The rule of law has by now earned a clear place in Western aspirations for reform in authoritarian countries. Elections, even moderately open elections, are plainly not enough. Such elections occur with r
egularity in one of the two great post-Communist behemoths (Russia), and from time to time in much of the Middle East, but friends of liberal democracy take little comfort from these events. Without institutions to protect citizens from overbearing executive officials, elections count for little.
But should the rule of law enjoy a special priority as a path to reform rather than simply being an element of the hoped-for end state? One can rest a case for such priority on two intuitions: First, the rule of law benefits the governors as well as the governed, thus perhaps making it easier to secure than reforms that impinge more directly on the rulers’ privileges. Second, it facilitates the compromise resolution of issues that might otherwise precipitate violence and even civil war.
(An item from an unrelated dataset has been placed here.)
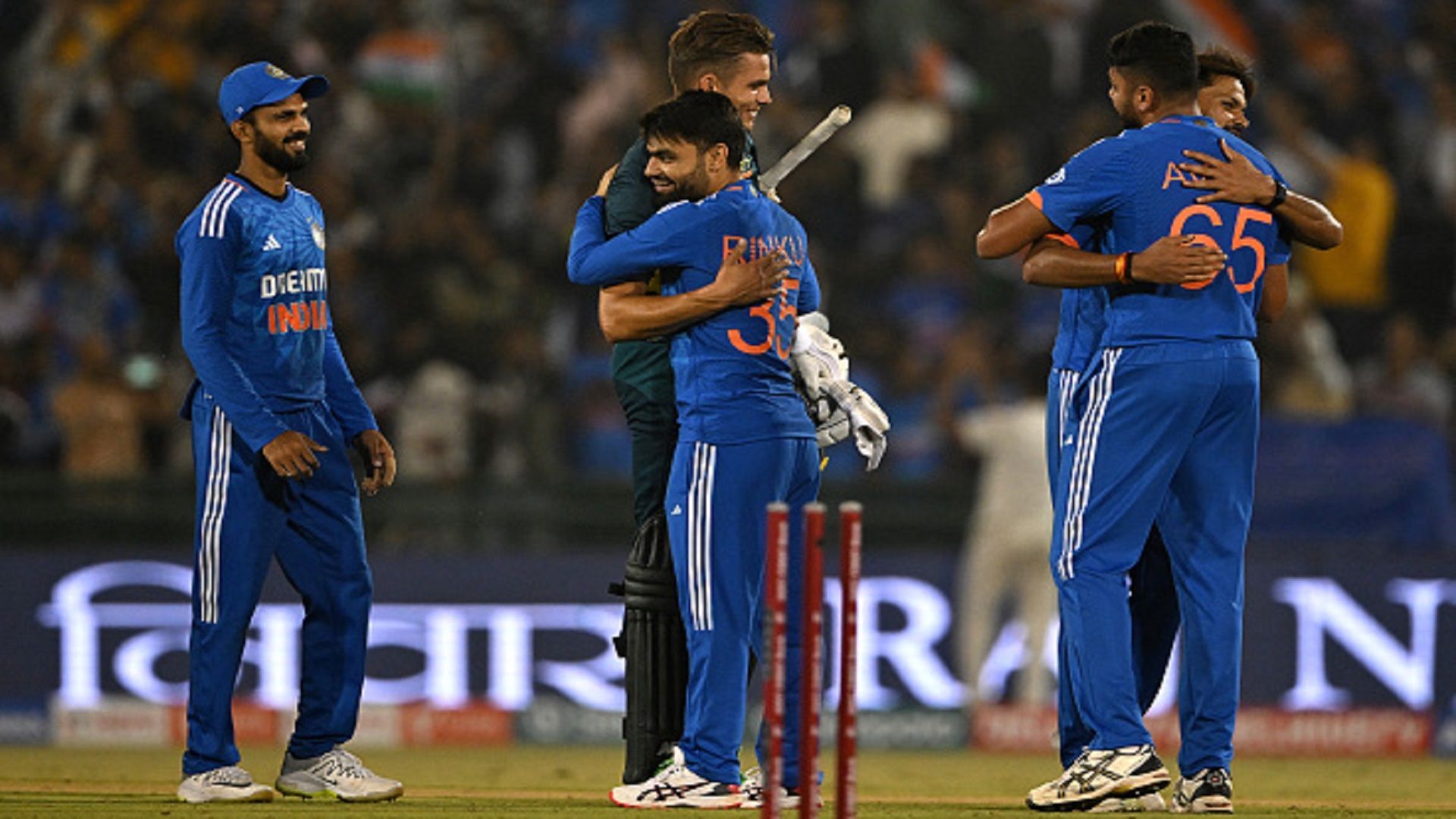 IPL में एक मैच बाद जिसे पूछा तक नहीं गया, उसने 17 गेंदों पर मचाई तबाही, गेंदबाजी पर लग चुका है बैन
I don’t want to exaggerate the advantages of rule-of-law reforms. If these reforms were always clear win-win opportunities, they would be ubiquitous, which of course they are not. Moreover, the people whose action is needed to establish the rule of law—the people subject to lawless governments and the people running those governments—have their own priorities. Among citizens, for example, particular government offenses provide chances for mobilizing opposition; for them, the opportunities of the moment are much more vital than theories of reform. But while specific government outrages—a stolen election here, concealment of government malfeasance there, indifference to environmental calamity elsewhere—may rally popular support, there is nothing to prevent a two-track strategy: citizens can seize those protest opportunities and at the same time spotlight the lawlessness that is (commonly) a part of the government outrage. And rule-of-law concepts can figure among their proposed remedies.